L’analyse sémiotique et socio-sémiotique de la communication chrétienne

Article

Texte intégral

1La tradition sémiotique et sémiologique de langue française a depuis toujours traité des objets de type religieux et sacré. Nous pensons ici, parmi les « ancêtres », à Roland Barthes et à son traitement – génial et discutable – du livret des Exercices spirituels de saint Ignace de Loyola, fondateur des jésuites, ou aux recherches de Louis Marin sur le texte biblique et d’autres sujets liés au sacré. Plus récemment, nous pensons au centre pour l’analyse du discours religieux (Cadir) de l’université catholique de Lyon, initié par des figures comme Jean Delorme, qui approfondit depuis des décennies l’application de la sémiotique au texte biblique, et à sa revue Sémiotique et Bible. Des membres du Cadir ont participé activement au développement de l’École de Paris, le groupe de chercheurs en sémiotique réunis autour d’Algirdas Julien Greimas. Le sacré a fait surface, ici et là, dans le corpus de la recherche en sémiotique, parfois de façon indirecte via l’analyse d’images sacrées, d’objets littéraires liés au sacré, etc. Nous renvoyons aussi à la contribution de Bernard Lamizet (2011). En sortant de France, nous pensons aussi à certains travaux de Maria Giulia Dondero sur le sacré dans l’image photographique (2009), ou aux recherches de Massimo Leone (2012) et bien d’autres. Cette petite liste, qui n’a pas de prétention à l’exhaustivité, n’inclut pas évidemment les approches sémiotiques externes au monde francophone. Le manuel en anglais de Robert Yelle (2012) ou les recherches d’Ugo Volli autour du texte biblique (Turin) indiquent des directions de recherche bibliographique.

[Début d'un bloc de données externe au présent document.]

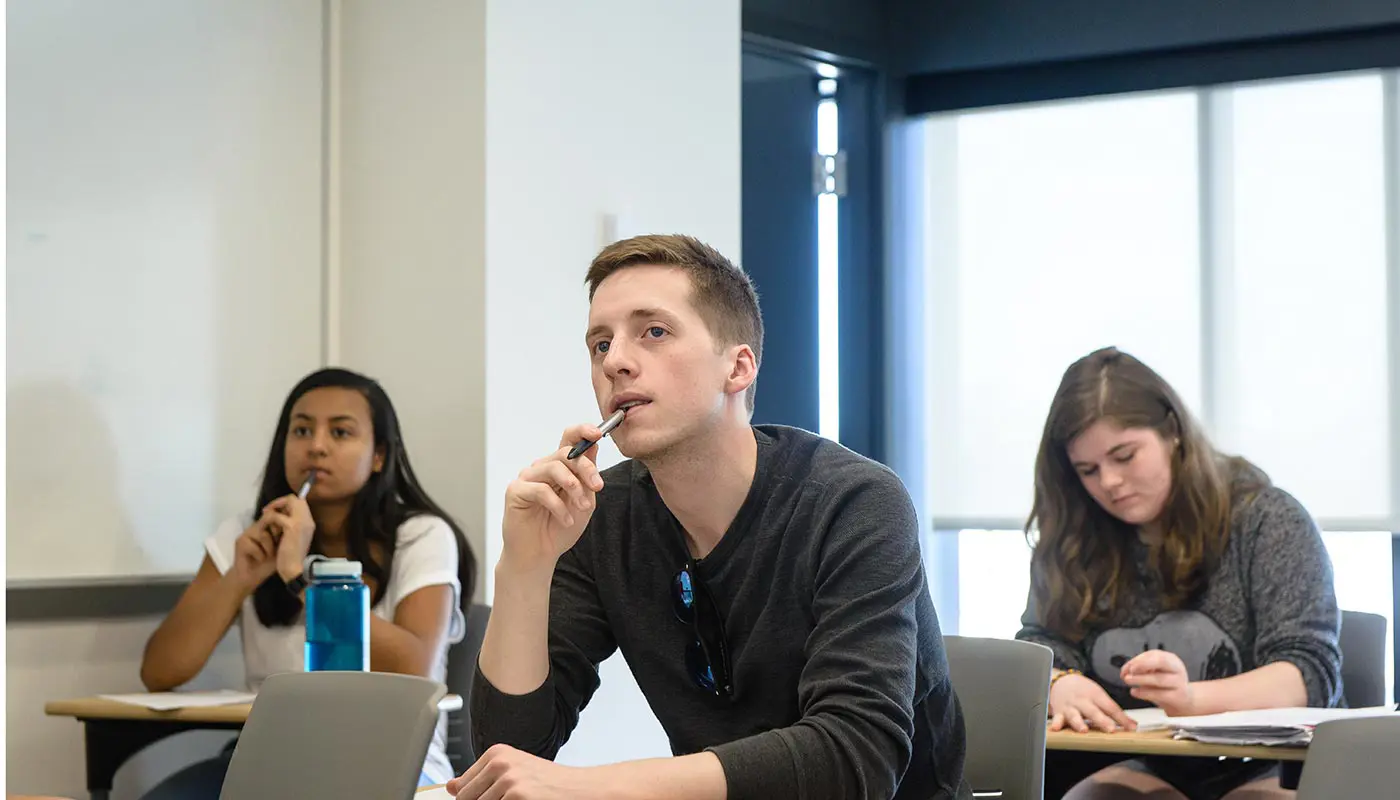 Thoughtful students in UMass Lowell classroom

2En observant la situation française de l’extérieur, on peut avancer l’hypothèse (à vérifier) qu’une double faiblesse a limité les approches sémiotiques – sémiologiques du sacré et du religieux dans le domaine des Sic : d’un côté, la perte de vitesse de la sémiotique – sémiologie, au moins comme approche à part entière (une « discipline ») ; de l’autre, la difficulté qui existe parfois à reconnaître le religieux et le sacré comme objet d’analyse acceptable et légitime, dans le contexte de la laïcité à la française (pour recourir à une formule commode). Nous pensons que la contribution sémiotique – sémiologique du sacré et des religions est pleinement justifiée dans le contexte des Sic : l’analyse des signes dans le cadre de la vie sociale, vieux projet de Saussure, n’a pas perdu de son importance, au delà de toutes les critiques nécessaires pour dépasser les réductionnismes de type structuraliste et pour mettre la sémiotique en interaction avec d’autres approches. Les outils de la tradition sémiotique sont très pertinents pour chercher à décrypter les textualités religieuses et sacrées et leur signification probable pour les acteurs sociaux, sans oublier la récente sémiotique des passions, des pratiques et des formes de vie d’auteurs comme Jacques Fontanille. L’« épochè » sémiotique, qui demande de se concentrer sur l’objet textuel (immanence textuelle comme principe méthodologique, et non comme principe ontologique ou épistémologique), est une proposition pertinente – si elle est bien comprise – en lien avec d’autres approches.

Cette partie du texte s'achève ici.